▶ WHAT YOU HAVE TO DO
Every record shown below should be duplicated exactly.

▶ ENTRIES PROVIDED
====

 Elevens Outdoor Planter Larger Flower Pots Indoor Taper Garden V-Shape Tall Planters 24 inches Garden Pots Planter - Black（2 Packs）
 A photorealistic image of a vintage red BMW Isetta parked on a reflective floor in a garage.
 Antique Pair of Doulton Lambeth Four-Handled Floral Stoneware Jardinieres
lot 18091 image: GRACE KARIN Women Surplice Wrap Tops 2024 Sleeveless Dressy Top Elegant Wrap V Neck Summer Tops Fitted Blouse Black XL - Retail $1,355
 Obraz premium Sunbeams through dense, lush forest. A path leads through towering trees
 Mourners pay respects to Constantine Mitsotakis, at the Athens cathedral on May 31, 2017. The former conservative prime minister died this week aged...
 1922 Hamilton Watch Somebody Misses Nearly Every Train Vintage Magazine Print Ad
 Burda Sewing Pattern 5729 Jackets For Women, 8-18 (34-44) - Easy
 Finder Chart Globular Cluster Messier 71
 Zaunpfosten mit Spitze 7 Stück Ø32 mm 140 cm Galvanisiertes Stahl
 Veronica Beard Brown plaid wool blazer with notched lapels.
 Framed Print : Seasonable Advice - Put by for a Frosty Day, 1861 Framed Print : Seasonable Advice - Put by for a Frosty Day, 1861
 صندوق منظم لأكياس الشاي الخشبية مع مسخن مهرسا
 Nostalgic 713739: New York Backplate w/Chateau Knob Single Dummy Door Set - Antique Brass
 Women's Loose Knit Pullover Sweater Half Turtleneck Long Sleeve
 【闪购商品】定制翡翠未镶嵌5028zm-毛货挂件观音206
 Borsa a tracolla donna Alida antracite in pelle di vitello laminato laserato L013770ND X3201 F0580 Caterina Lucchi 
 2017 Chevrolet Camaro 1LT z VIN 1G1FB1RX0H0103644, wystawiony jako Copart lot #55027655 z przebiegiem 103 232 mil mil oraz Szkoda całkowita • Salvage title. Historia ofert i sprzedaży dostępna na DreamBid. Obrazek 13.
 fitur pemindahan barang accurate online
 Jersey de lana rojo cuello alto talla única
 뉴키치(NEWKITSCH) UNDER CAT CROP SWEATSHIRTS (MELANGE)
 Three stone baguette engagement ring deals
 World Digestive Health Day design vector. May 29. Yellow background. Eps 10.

====

▶ EXERCISE SOLUTION
 Elevens Outdoor Planter Larger Flower Pots Indoor Taper Garden V-Shape Tall Planters 24 inches Garden Pots Planter - Black（2 Packs）
 A photorealistic image of a vintage red BMW Isetta parked on a reflective floor in a garage.
 Antique Pair of Doulton Lambeth Four-Handled Floral Stoneware Jardinieres
lot 18091 image: GRACE KARIN Women Surplice Wrap Tops 2024 Sleeveless Dressy Top Elegant Wrap V Neck Summer Tops Fitted Blouse Black XL - Retail $1,355
 Obraz premium Sunbeams through dense, lush forest. A path leads through towering trees
 Mourners pay respects to Constantine Mitsotakis, at the Athens cathedral on May 31, 2017. The former conservative prime minister died this week aged...
 1922 Hamilton Watch Somebody Misses Nearly Every Train Vintage Magazine Print Ad
 Burda Sewing Pattern 5729 Jackets For Women, 8-18 (34-44) - Easy
 Finder Chart Globular Cluster Messier 71
 Zaunpfosten mit Spitze 7 Stück Ø32 mm 140 cm Galvanisiertes Stahl
 Veronica Beard Brown plaid wool blazer with notched lapels.
 Framed Print : Seasonable Advice - Put by for a Frosty Day, 1861 Framed Print : Seasonable Advice - Put by for a Frosty Day, 1861
 صندوق منظم لأكياس الشاي الخشبية مع مسخن مهرسا
 Nostalgic 713739: New York Backplate w/Chateau Knob Single Dummy Door Set - Antique Brass
 Women's Loose Knit Pullover Sweater Half Turtleneck Long Sleeve
 【闪购商品】定制翡翠未镶嵌5028zm-毛货挂件观音206
 Borsa a tracolla donna Alida antracite in pelle di vitello laminato laserato L013770ND X3201 F0580 Caterina Lucchi 
 2017 Chevrolet Camaro 1LT z VIN 1G1FB1RX0H0103644, wystawiony jako Copart lot #55027655 z przebiegiem 103 232 mil mil oraz Szkoda całkowita • Salvage title. Historia ofert i sprzedaży dostępna na DreamBid. Obrazek 13.
 fitur pemindahan barang accurate online
 Jersey de lana rojo cuello alto talla única
 뉴키치(NEWKITSCH) UNDER CAT CROP SWEATSHIRTS (MELANGE)
 Three stone baguette engagement ring deals
 World Digestive Health Day design vector. May 29. Yellow background. Eps 10.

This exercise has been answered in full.